Top of Recorded data

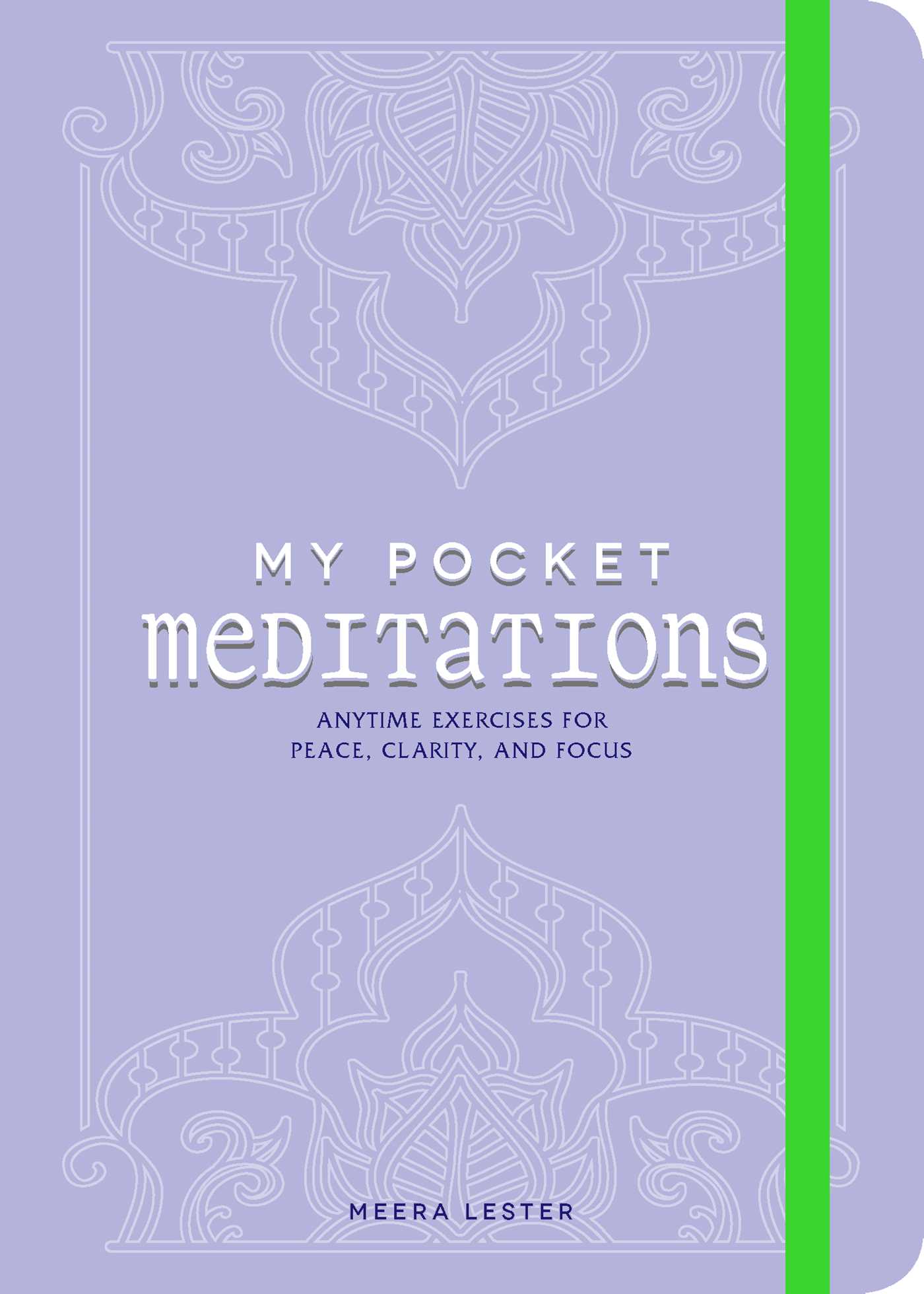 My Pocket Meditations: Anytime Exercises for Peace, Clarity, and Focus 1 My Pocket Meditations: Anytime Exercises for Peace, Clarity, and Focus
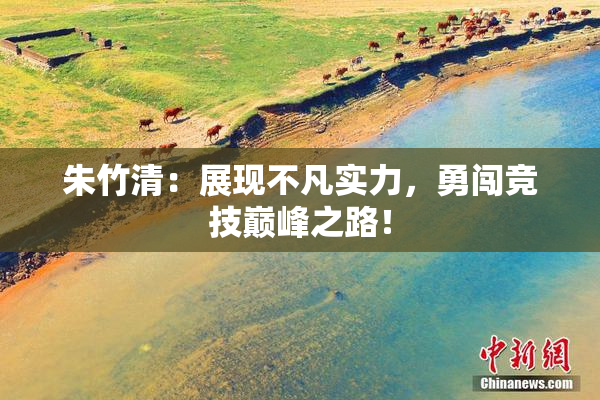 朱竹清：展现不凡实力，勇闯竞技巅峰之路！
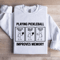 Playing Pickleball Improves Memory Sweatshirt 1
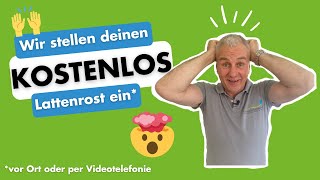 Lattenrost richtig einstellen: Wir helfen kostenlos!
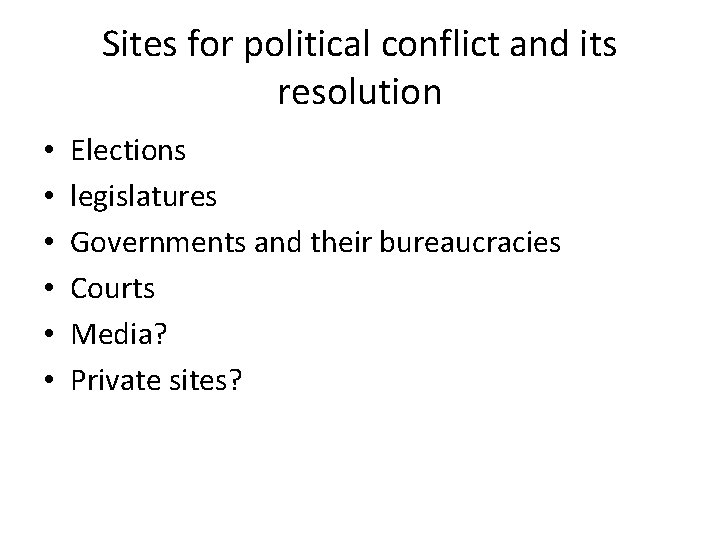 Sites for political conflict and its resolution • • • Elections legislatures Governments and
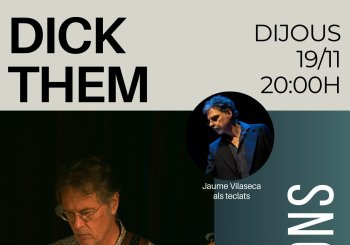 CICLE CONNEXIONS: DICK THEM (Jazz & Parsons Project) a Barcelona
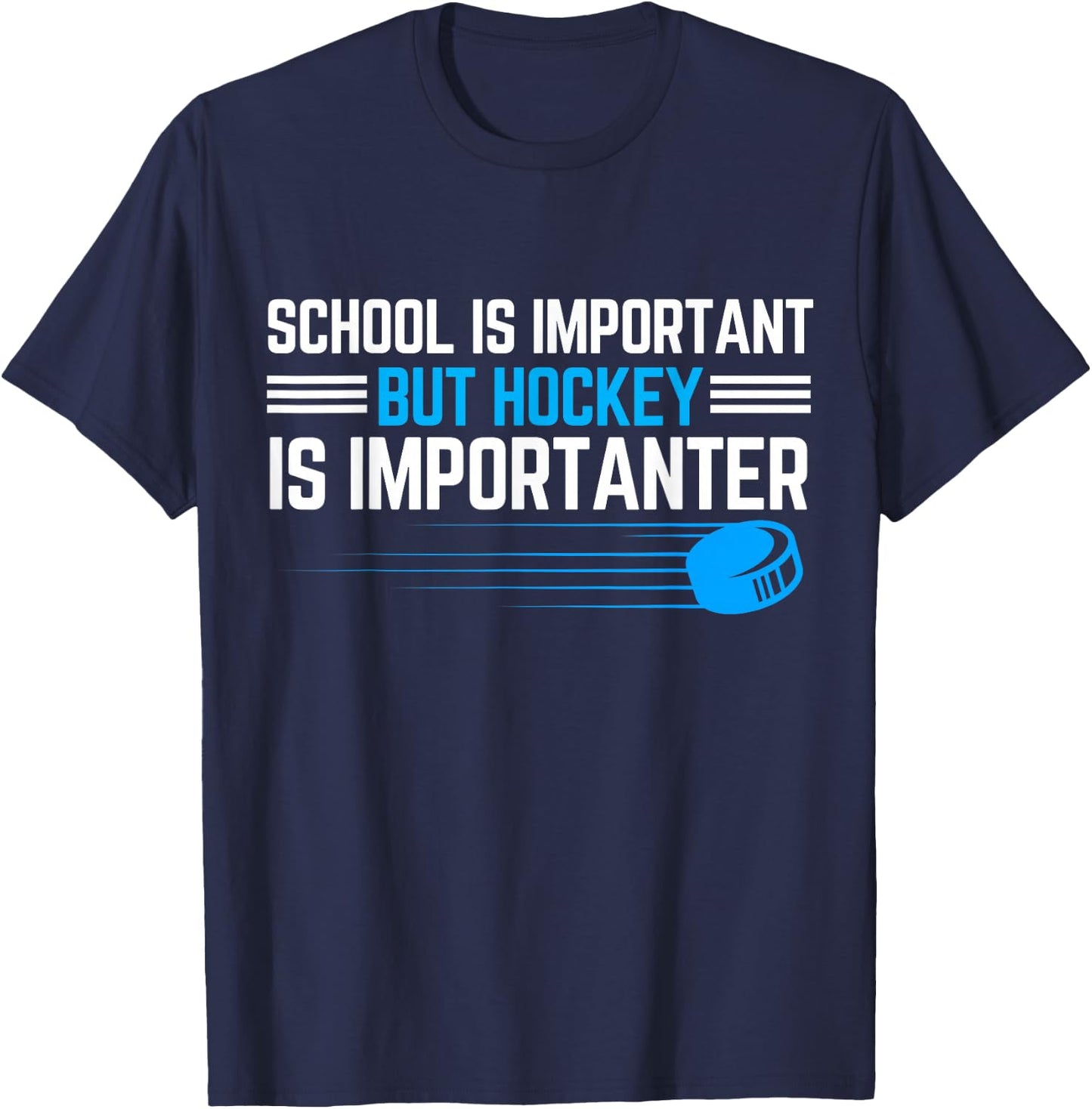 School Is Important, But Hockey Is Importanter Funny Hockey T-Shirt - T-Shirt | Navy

Bottom of Recorded data
Top of Recorded data

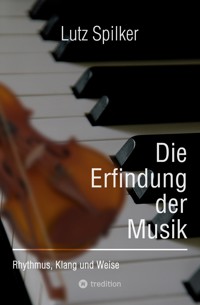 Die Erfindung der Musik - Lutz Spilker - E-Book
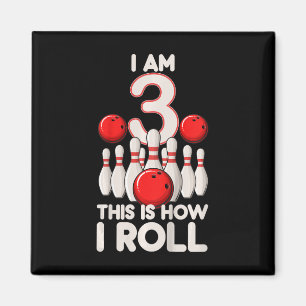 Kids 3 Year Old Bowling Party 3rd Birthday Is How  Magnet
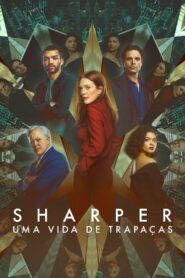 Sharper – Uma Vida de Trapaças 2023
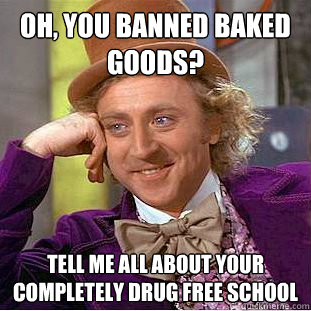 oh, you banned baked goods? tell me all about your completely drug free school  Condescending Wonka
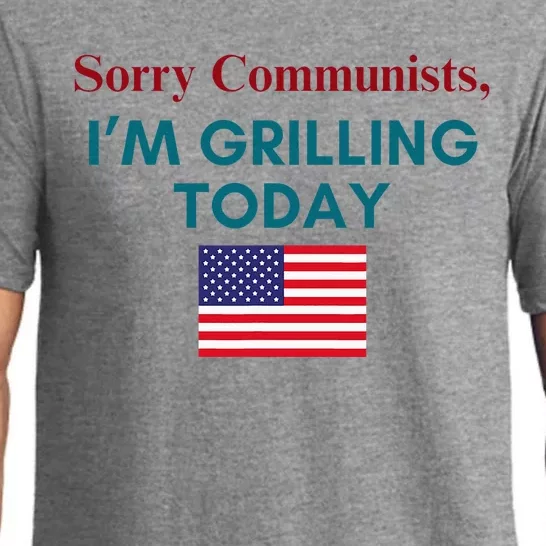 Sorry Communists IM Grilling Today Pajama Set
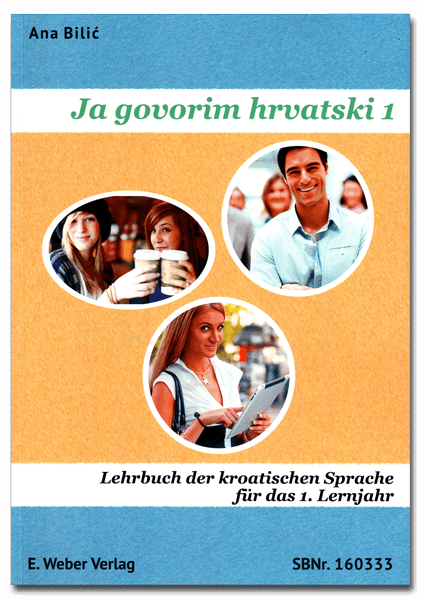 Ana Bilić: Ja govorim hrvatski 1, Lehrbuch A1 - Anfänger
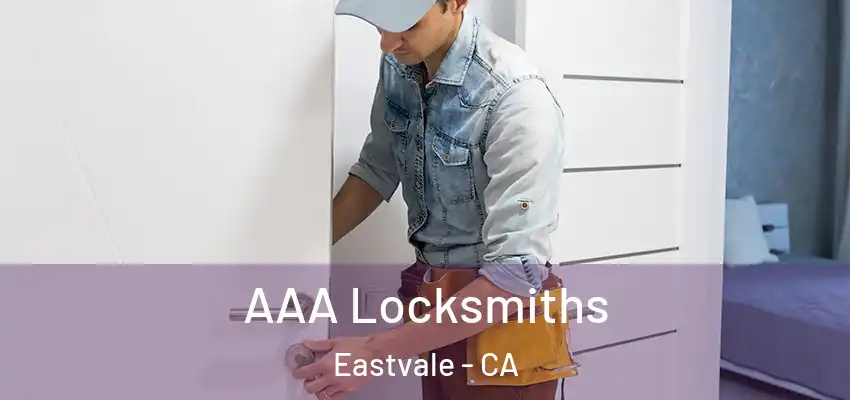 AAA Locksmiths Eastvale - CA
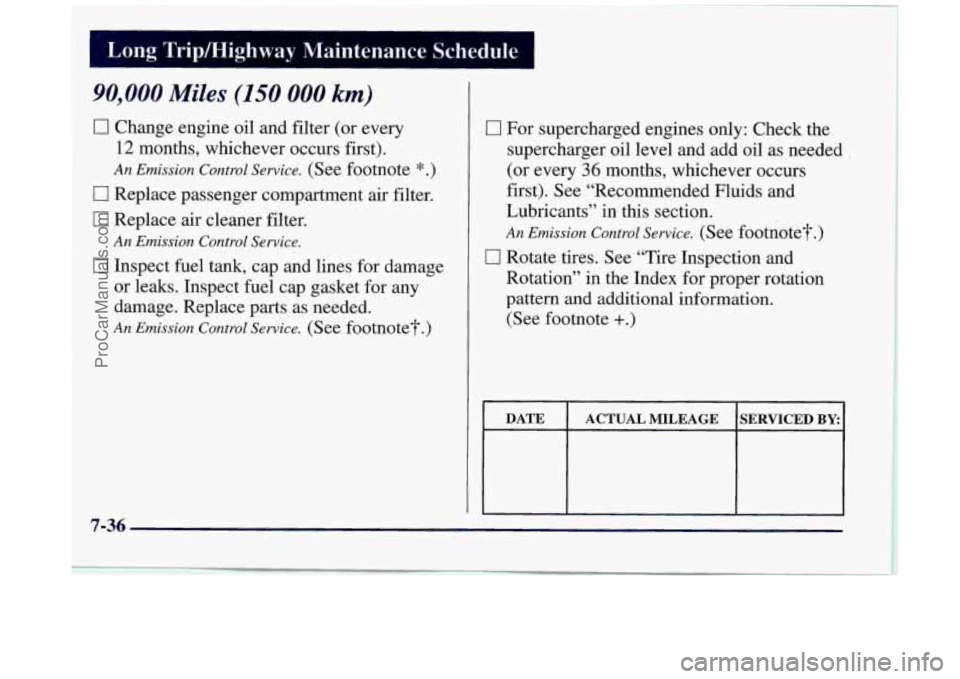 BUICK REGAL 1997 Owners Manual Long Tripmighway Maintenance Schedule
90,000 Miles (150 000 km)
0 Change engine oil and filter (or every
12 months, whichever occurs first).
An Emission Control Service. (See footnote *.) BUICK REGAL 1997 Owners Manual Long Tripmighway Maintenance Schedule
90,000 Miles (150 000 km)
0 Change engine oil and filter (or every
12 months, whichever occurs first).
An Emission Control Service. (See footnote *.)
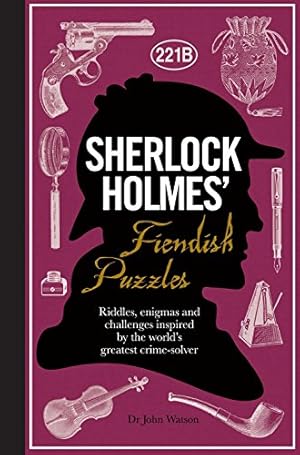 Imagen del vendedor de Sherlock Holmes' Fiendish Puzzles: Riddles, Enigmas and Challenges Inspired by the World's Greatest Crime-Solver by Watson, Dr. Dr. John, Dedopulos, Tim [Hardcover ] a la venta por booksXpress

Bottom of Recorded data

▶ [Exercise aim]: Leaving pictures out, output the lines of the data above from the one with "and Focus 1" through the one with "Sites for political", word for word.

▶ [Exercise answer]:
 My Pocket Meditations: Anytime Exercises for Peace, Clarity, and Focus 1 My Pocket Meditations: Anytime Exercises for Peace, Clarity, and Focus
 朱竹清：展现不凡实力，勇闯竞技巅峰之路！
 Playing Pickleball Improves Memory Sweatshirt 1
 Lattenrost richtig einstellen: Wir helfen kostenlos!
 Sites for political conflict and its resolution • • • Elections legislatures Governments and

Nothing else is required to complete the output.